Assigned task:
Could you set down every entry exactly as it stands, without the images?

Excerpted records:

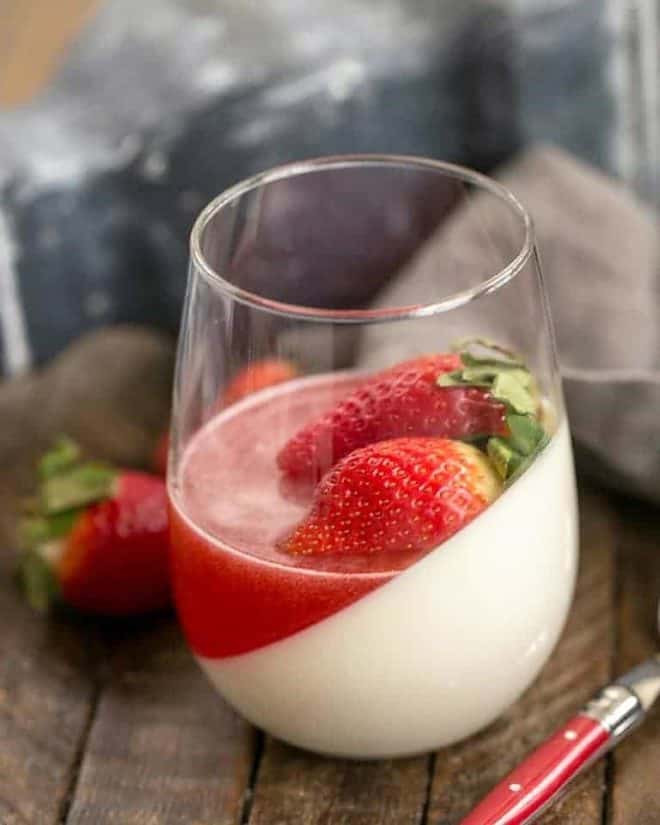 Vanilla Panna Cotta with Strawberry Gelée in a glass topped with fresh strawberries.
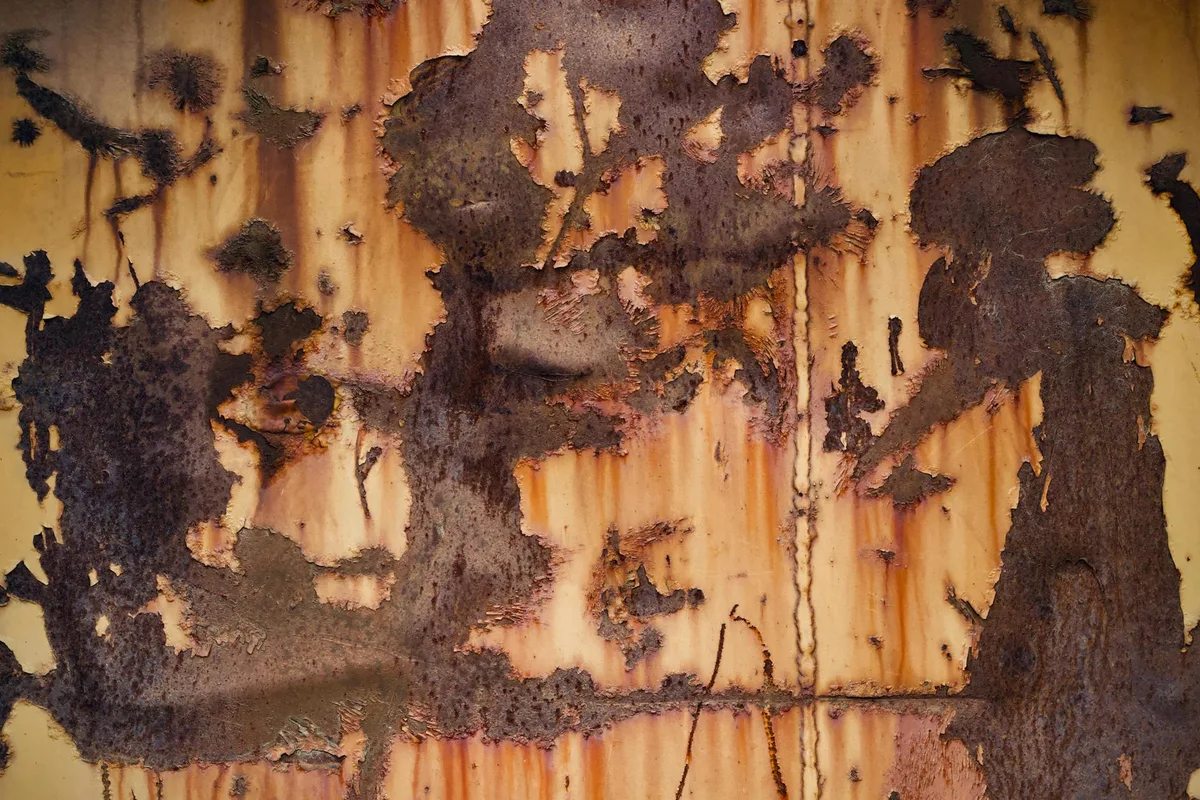 Primo piano di superficie metallica arrugginita con motivi astratti unici e texture.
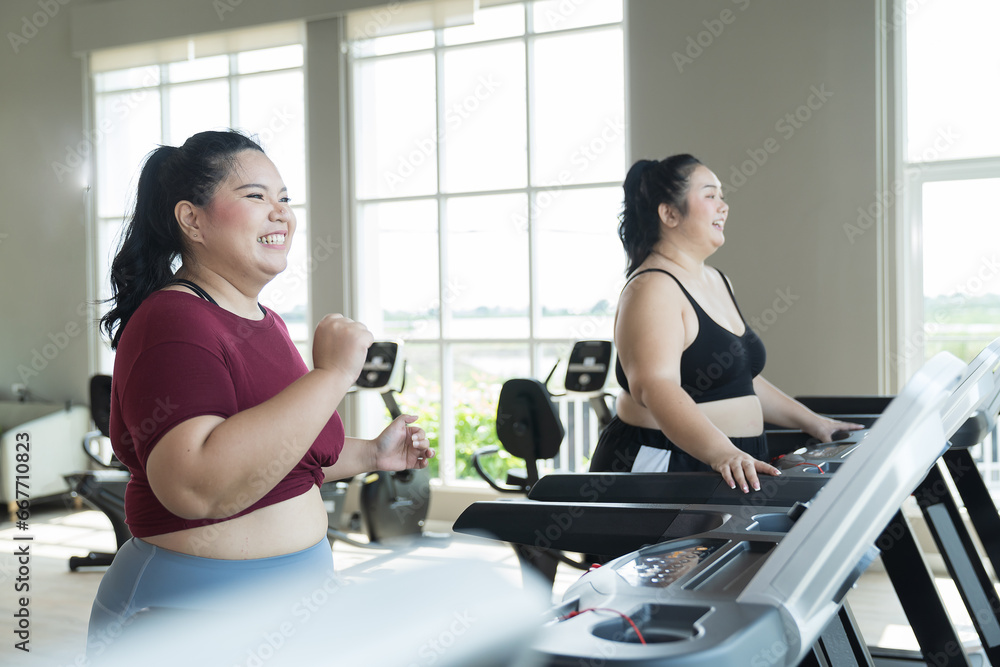 Two Asian young chubby size women running on treadmill in fitness club. Young overweight women exercise on treadmill in gym together Two Asian young chubby size women running on treadmill in fitness club. Young overweight women exercise on treadmill in gym together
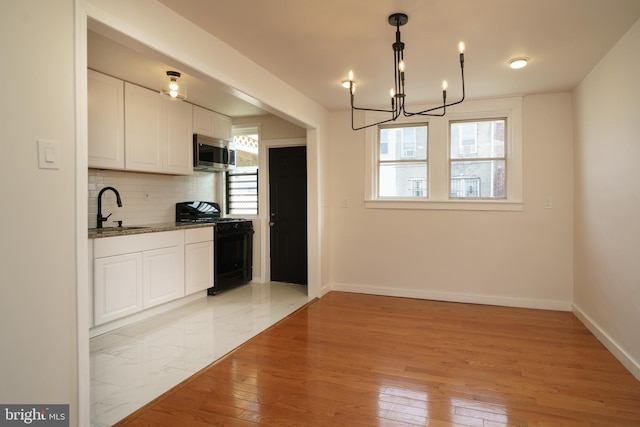 kitchen featuring a sink, white cabinetry, backsplash, stainless steel microwave, and gas stove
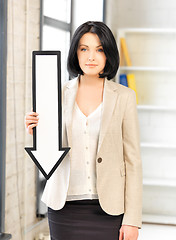 Image showing businesswoman with direction arrow sign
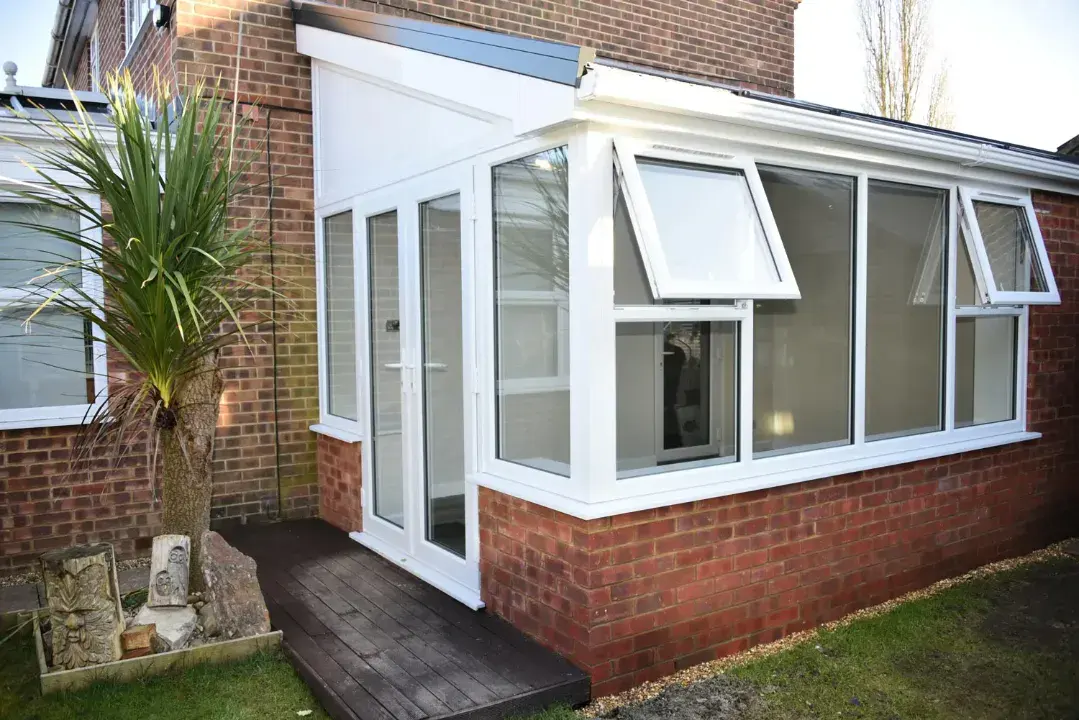 White lean-to conservatory with brick base, side French doors, open top windows and timber decking.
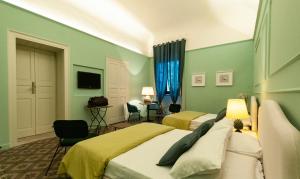 米拉佐I PRINCIPI di CASADOR HOUSE HOTEL的一间卧室设有两张带绿色墙壁的床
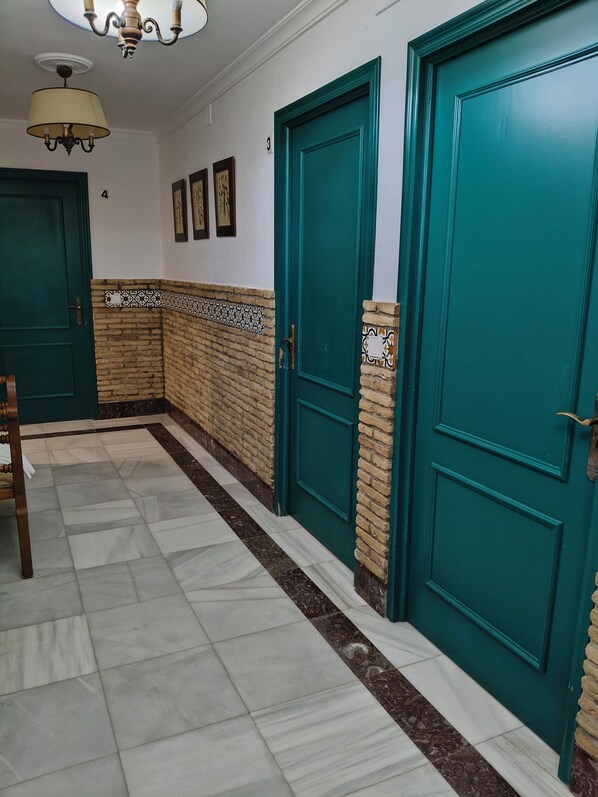 A hallway with teal doors, a chandelier, and a patterned wall.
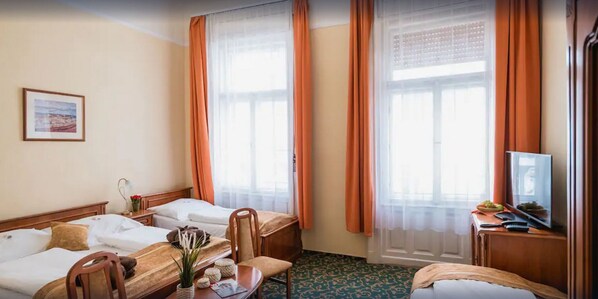 Habitación de hotel con dos camas, un escritorio, una silla, un televisor y una ventana con cortinas.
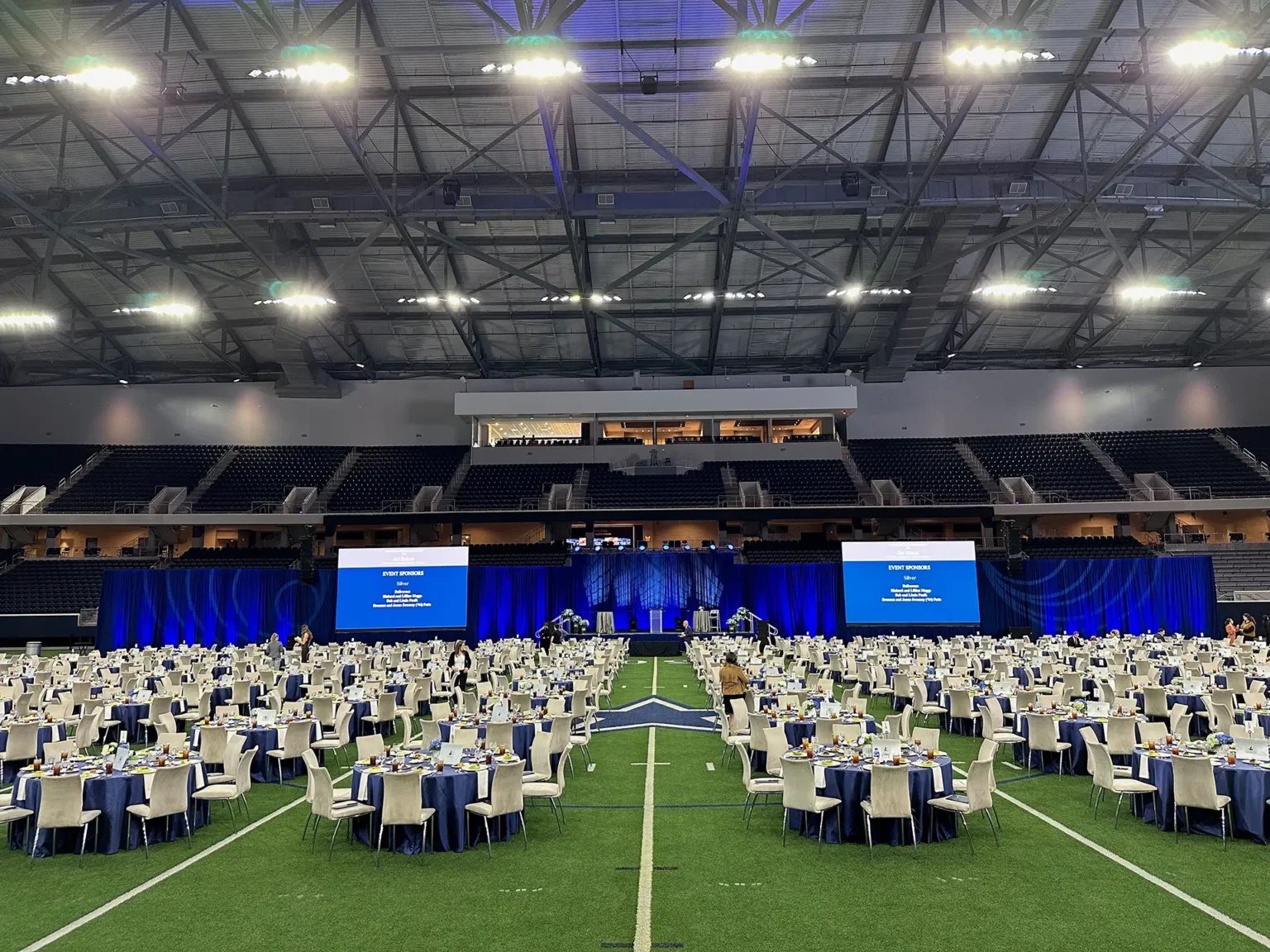 Large corporate gala setup on the football field at The Star in Frisco with professional AV production.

Answer to the problem:
 Vanilla Panna Cotta with Strawberry Gelée in a glass topped with fresh strawberries.
 Primo piano di superficie metallica arrugginita con motivi astratti unici e texture.
 Two Asian young chubby size women running on treadmill in fitness club. Young overweight women exercise on treadmill in gym together Two Asian young chubby size women running on treadmill in fitness club. Young overweight women exercise on treadmill in gym together
 kitchen featuring a sink, white cabinetry, backsplash, stainless steel microwave, and gas stove
 Image showing businesswoman with direction arrow sign
 White lean-to conservatory with brick base, side French doors, open top windows and timber decking.
 米拉佐I PRINCIPI di CASADOR HOUSE HOTEL的一间卧室设有两张带绿色墙壁的床
 A hallway with teal doors, a chandelier, and a patterned wall.
 Habitación de hotel con dos camas, un escritorio, una silla, un televisor y una ventana con cortinas.
 Large corporate gala setup on the football field at The Star in Frisco with professional AV production.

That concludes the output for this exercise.